Another base for the Left Front is the popularity it has roused among the youth, and among the workers, the peasants, and in general amongst the rural and urban populace. The support has come up through the experience they have had of the pro-people governance of the Left Front governments in succession. The vast majority of the people of Bengal believe that there is no alternative to Left Front.

 

INTER-CONNECT BETWEEN LATIN AMERICA AND BENGAL

 

The situation evolving there in Latin America and here in Bengal is essentially different. Bengal is not a sovereign nation and has to work within the existing centre-state restrictive framework. But we do appreciate the alternative the Latin American countries have boldly put forward to neo-liberalism and globalisation. 

 

British prime minister Margaret Thatcher once put out the slogan that there was no alternative to capitalism, acronymed as TINA or ‘There Is No Alternative.’ Latin America has proved that a viable alternative is very much there.

 

The Central Committee of the CPI(M) in discussing the developments in Latin American nations recently has noted the growth of the Bolivarian Alternative. The Central Committee will set up a Study Group to observe and analyse the happenings there.

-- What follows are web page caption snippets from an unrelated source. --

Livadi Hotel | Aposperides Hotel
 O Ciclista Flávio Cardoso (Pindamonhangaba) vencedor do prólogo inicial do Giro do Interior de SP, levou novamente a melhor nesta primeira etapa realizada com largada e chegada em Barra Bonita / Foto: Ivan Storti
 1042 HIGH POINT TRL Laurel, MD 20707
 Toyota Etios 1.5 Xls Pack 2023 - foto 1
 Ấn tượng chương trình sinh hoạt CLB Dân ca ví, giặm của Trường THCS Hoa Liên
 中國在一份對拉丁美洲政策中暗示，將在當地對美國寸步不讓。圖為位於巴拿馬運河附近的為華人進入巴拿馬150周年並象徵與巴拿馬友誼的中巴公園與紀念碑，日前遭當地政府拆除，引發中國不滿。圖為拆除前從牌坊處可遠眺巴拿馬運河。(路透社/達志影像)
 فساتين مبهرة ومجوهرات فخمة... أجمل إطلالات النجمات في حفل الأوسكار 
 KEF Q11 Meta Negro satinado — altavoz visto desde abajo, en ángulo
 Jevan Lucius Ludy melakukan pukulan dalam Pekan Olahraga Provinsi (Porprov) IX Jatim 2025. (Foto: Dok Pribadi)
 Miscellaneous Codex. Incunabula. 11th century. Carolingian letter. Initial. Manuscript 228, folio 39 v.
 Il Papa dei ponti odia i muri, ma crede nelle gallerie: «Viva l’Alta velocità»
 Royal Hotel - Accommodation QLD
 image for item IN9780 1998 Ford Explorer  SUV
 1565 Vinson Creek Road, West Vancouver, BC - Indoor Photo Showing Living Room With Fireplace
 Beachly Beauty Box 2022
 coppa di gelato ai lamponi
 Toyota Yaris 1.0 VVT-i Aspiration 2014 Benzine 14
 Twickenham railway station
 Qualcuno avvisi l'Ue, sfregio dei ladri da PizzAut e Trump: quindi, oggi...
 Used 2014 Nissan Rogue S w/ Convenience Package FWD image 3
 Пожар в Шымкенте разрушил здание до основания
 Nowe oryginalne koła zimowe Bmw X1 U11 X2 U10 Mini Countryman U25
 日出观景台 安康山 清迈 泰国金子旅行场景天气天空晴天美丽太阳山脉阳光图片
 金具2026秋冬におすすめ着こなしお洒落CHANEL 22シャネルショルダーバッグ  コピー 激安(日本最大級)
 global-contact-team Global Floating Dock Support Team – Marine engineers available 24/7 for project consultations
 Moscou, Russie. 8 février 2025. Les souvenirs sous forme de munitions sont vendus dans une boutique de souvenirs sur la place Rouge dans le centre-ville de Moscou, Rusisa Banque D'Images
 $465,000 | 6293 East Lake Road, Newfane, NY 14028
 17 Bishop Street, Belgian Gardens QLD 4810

We shall identify the essence of Leftism prevailing in Latin America. 

 

It is very important to note that the Latin American nations like Brazil, Venezuela, Bolivia, Uruguay, Argentina, and Ecuador, among others, appear determined to be free of the political, economic, and military hegemony of the United States. 

 

LIBERALISATION AND BENGAL LF GOVERNMENT’S ALTERNATIVE 

 

We have attached topmost priority to the task of providing security to the people being marginalised by the so-called liberalisation. We strive for increasing employment opportunities and enhancing levels of income. We do not agree to the view that market economy will run the government. We are against the concept that market economy is omnipotent. 

 

We believe that the inevitable result of market economy is to immiserise especially the poorer sections of the people. Our government intervenes to protect the poor in the face of the onslaught of liberalisation because we are a government of the Left persuasion.

 

As alternative, we call attention to land reforms. The land belongs to the poor in the villages – 72 per cent of the agricultural land is under the possession of the rural poor. The rural poor also lead the three-tier Panchayat system and a series of diverse schemes of rural development are implemented.

 

We also lay emphasis on industrialisation, and on the extension of industries and trade-and-commerce. We welcome foreign capital in the realm of higher technology and for employment generation, militating against the jobless growth affecting the developed capitalist nations.

 

In stressing employment generation, we highlight the small and medium industries. We want to make the self-help groups improved micro enterprises. The principal aim is to involve the backward sections of the people, and scheduled castes, scheduled tribes, and women in economic activities. 

 

Other alternatives include total literacy. We have created 68 thousand primary schools. We provide the salary and emoluments to the teachers, and we supply books and exercise books as well as mid-day meals to the students. Government hospitals take care of the treatment of 70 per cent of the ailing people as an alternative to the sweeping privatisation of health services elsewhere in the country.

 

We are determined to bring up the 20 per cent of the populace who remain below the poverty line. We have been working for the uplift of the poorer villages. We also look into the plight of the workers of closed factories. We provide them with stipends. 

 

We have started Provident Fund benefits for workers in the unorganised sector. Construction workers have been provided with security. The Bengal Left Front government has initiated and unleashed these and other measures as an alternative to the so-called liberalism.